Call it defaitist if you like, personally I prefer to call it cynical.

Quote:
Originally Posted by cmsj
Well firstly if the code is public, it's not just on me to add bells and whistles, anyone can, at any point in the future.
That's what I was questioning. We're not lacking source code — we're lacking people who work on source code.

Quote:
Originally Posted by cmsj
Are there Amiga programs/utilities/drivers that I would very much like to add a feature to? Or fix a bug in? Heck yes.
In that case, go ahead. That's a very noble endeavour.

Quote:
Originally Posted by cmsj
We would be stronger with more code. There can never be enough open source code.
But that's just "nice to have", having source code for the sake of it. What we really need is programs, not source code.

Quote:
Originally Posted by cmsj
I'll give you a concrete example, I've always really liked MCP, but there are some things I really want it to do, that it can't. It's been unmaintained for a few years, so there is nobody for me to ask to do the work, and at some point there will be nobody who even could do the work because the source will become lost.
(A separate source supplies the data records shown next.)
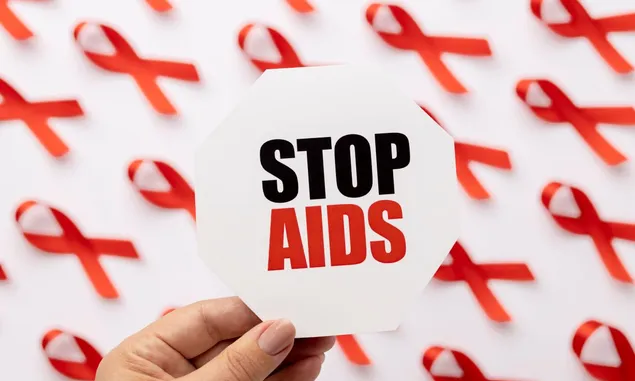 Komunitas Ambil Peran Strategis dalam Penanggulangan AIDS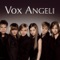 Ave Maria - Vox Angeli lyrics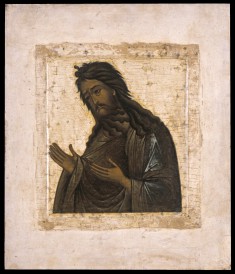 Saint John the Baptist
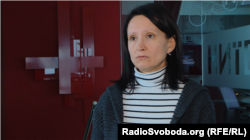 Вікторія Рубан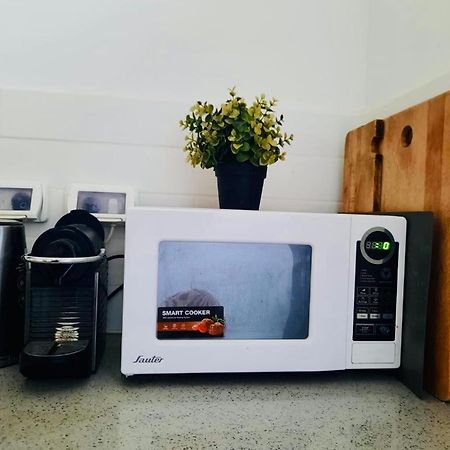 Jaffa Guesthouse Τελ Αβίβ Εξωτερικό φωτογραφία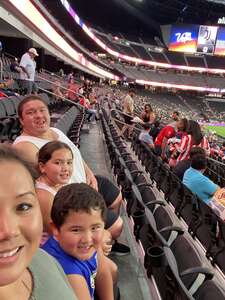 Soccer Champions Tour 2022: Juventus V. Chivas De Guadalajara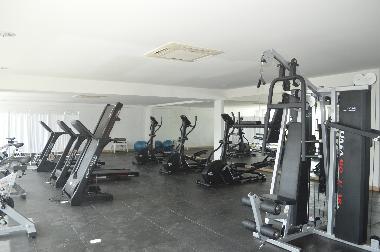 Appartement de vacances �/en/au Santa Marta (Magdalena)ou appartement ou maison de vacances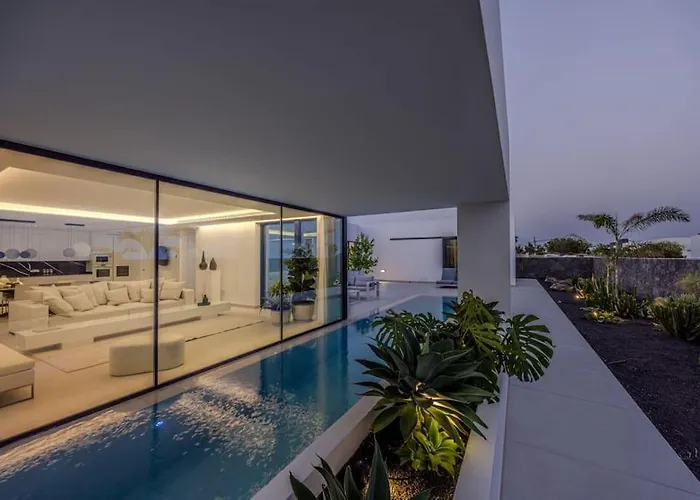 Villa Ambiant By Buenavilla *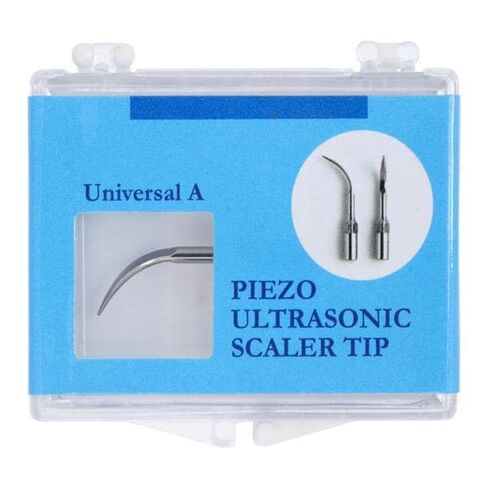 Dentamerica 88003 Piezo Dental Scaler Tip Universal A لـ 880 Plus in Kuwait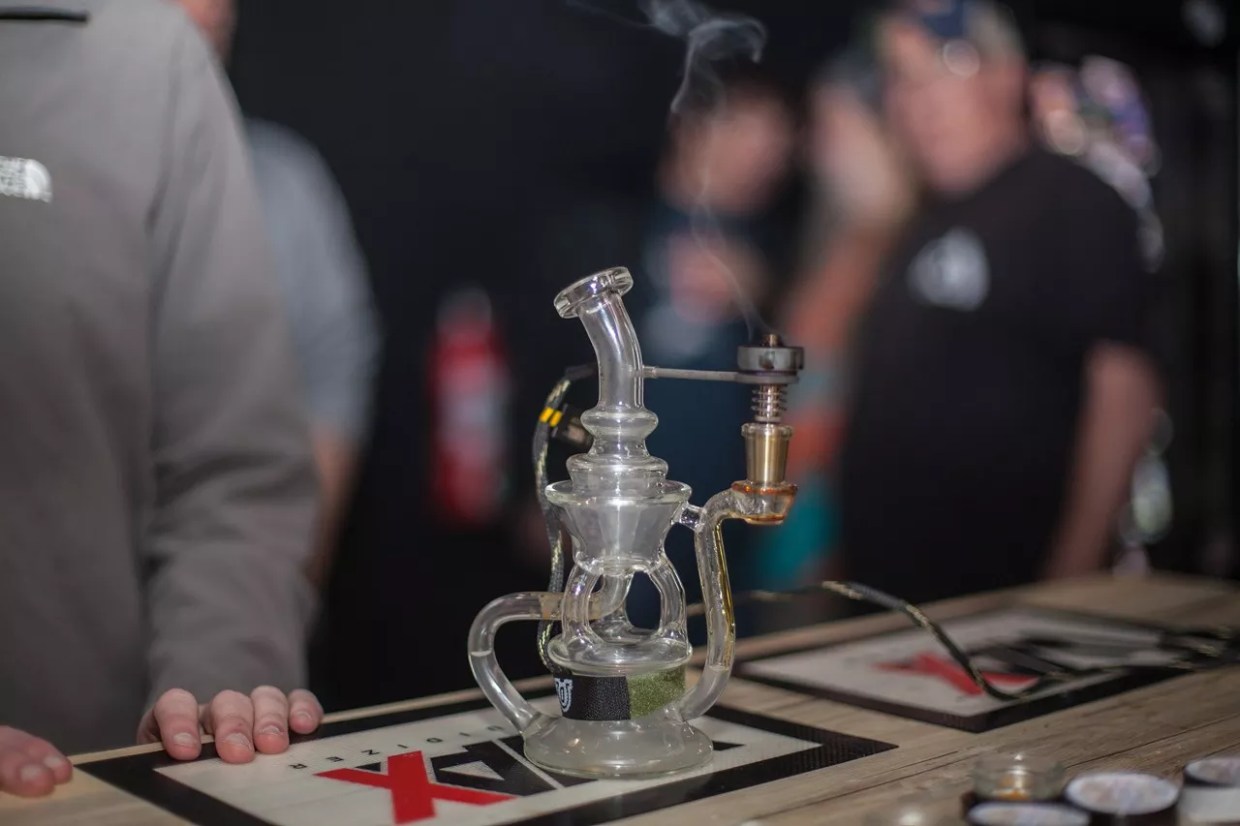 Fight Over Denver’s Social Pot Use Restrictions Coming to a Head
If I can persuade the copyright owners to release it, then there will never be a time when some suitably motivated individual can't fix a bug or add a feature to it.
Unless you yourself step up to do that work, that source code is most likely just as useless as no source code at all.

Going back on topic, here's some sources which could use some C programmer's attention: http://www.david-mcminn.co.uk/blitz-...bss_source.lha

It's the last sources for the never-released update of Blitz Basic 2 and its TED editor.

Not that I think that it matters, since C coders seldom see a point in working on tools for "lesser" languages.